Quando me disseram que o jogo Pokémon Go era de “realidade aumentada” nunca pensei na quantidade de formas em que isto podia mesmo acontecer. Eu chamar-lhe-ia antes “realidade salientada”. A verdade é que este fenómeno virtual, para além de rabos das cadeiras, veio também levantar outras questões pertinentes sobre a anatomia desta geração que chega agora aos 30.
Falo, claro, dos “Pokémon-Haters”. Ao contrário das expectativas, enquanto os sexa, septa e octagenários se recostam calmamente a apreciar este hilariante espetáculo, parece ser a camada dos mais jovens adultos a levar as mãos à cabeça e a temer pelo final dos dias como se tivessem ouvido heavy metal pela primeira vez. Através das redes sociais de que dispõem nos seus smartphones revoltam-se contra uma era tecnológica cujo público alvo, pela primeira vez, não os contempla.
Não sendo uma poke-fan, confesso que também não estava à espera tão cedo de um discurso tão reacionário por parte de uma geração que presenciou o desabrochar da internet, entre outras modernices. Será este o primeiro fenómeno de ódio geracional motivado pela nostalgia informática?
O Pokémon Go veio solucionar vários problemas típicos das novas juventudes como o sedentarismo e o isolamento. De tal forma o fez que começam a aparecer alguns percalços à moda antiga como quedas de penhascos e naifadas ocasionais. Incidentes imemoriais que, dantes, só aconteciam a quem não dispunha de TV a cores em casa.
Por outro lado, é inegável que estes jogos são financeira e ecologicamente sustentáveis, promovem a atividade física aliada ao turismo local e, em casos extremos, podem até substituir o uso de drogas.
Mediante isto, criticar o pokémon é uma tarefa complicada que se torna um hobby por si só e cujos praticantes (talvez por ainda ser recente) não o dominam na perfeição. Daí que os seus argumentos não tenham ganho prémios no campo da lógica ou da retórica ... A arma mais usada é o “se em vez de”... Pessoalmente, não tenho nada contra suposições, apoio até qualquer iniciativa que apele à criatividade e à imaginação mas, quando usada como argumento, deixa muito a desejar. Se abrirmos a porta das suposições, somos obrigados a questionar todo o resto das nossas acções: “e se em vez de ver uma série fossemos limpar as praias?
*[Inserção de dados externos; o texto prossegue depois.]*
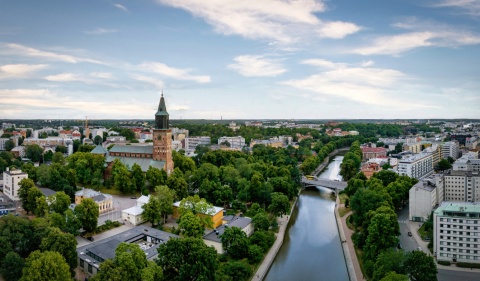 Aerial view of Turku Finland and its cathedral and the Aura River
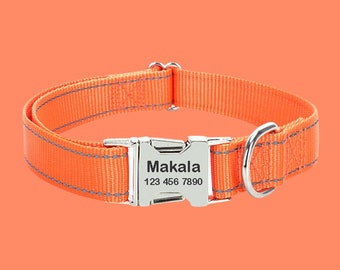 Personalized Nylon Dog Collar: Reflective Orange Custom ID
E se em vez de ir ver o jogo ao estádio fossemos dar de comer aos sem abrigo? “e se em vez de ter filhos adotássemos?”
Isto é visível em campanhas como as de adoção de animais da Associação Animais de Rua (“Queres treinar um pokémon a sério?”) ou outras como as de apoio às crianças sírias. (“Há muitos pokémons na Siria; vem salvar-me”) . Ainda que bem intencionadas (e fechando os olhos ao facto da permissa do Pokémon assentar, basicamente, no aprisionar os bichos dentro de bolas das quais só saem para lutar uns com os outros), estas campanhas assentam num falso argumento. Por muito que custe, mentalizem-se que as pessoas que jogam pokémon o fazem porque querem e não porque estão à procura de alternativas para passar o tempo.
O Pokémon é realidade aumentada porque nos deu mais uma lupa para vermos de perto um outro aspeto da nossa própria evolução.